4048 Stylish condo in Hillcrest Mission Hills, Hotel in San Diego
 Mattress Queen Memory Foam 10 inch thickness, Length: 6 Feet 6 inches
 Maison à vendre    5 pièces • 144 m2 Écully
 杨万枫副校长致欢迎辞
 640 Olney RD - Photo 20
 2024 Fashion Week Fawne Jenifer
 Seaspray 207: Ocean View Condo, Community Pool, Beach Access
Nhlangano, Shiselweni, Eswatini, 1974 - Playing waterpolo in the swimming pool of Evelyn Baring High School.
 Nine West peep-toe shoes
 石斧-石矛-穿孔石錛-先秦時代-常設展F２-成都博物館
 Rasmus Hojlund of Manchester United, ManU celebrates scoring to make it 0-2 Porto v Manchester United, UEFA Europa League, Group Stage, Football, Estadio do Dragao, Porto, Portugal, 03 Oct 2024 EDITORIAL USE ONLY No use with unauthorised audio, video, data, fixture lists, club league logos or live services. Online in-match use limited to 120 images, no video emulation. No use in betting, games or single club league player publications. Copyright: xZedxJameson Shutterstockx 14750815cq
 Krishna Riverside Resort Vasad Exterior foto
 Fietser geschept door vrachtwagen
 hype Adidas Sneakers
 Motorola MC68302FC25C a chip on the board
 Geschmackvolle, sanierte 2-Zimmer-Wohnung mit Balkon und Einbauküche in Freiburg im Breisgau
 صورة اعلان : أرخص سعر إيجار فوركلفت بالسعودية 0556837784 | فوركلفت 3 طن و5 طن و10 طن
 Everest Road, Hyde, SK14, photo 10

━━━━━━━━

Exercise details:
Above are some records; copy exactly the lines from the one with "Mattress Queen Memory" through the one with "Seaspray 207: Ocean", both included, and no others.

Exercise response:
 Mattress Queen Memory Foam 10 inch thickness, Length: 6 Feet 6 inches
 Maison à vendre    5 pièces • 144 m2 Écully
 杨万枫副校长致欢迎辞
 640 Olney RD - Photo 20
 2024 Fashion Week Fawne Jenifer
 Seaspray 207: Ocean View Condo, Community Pool, Beach Access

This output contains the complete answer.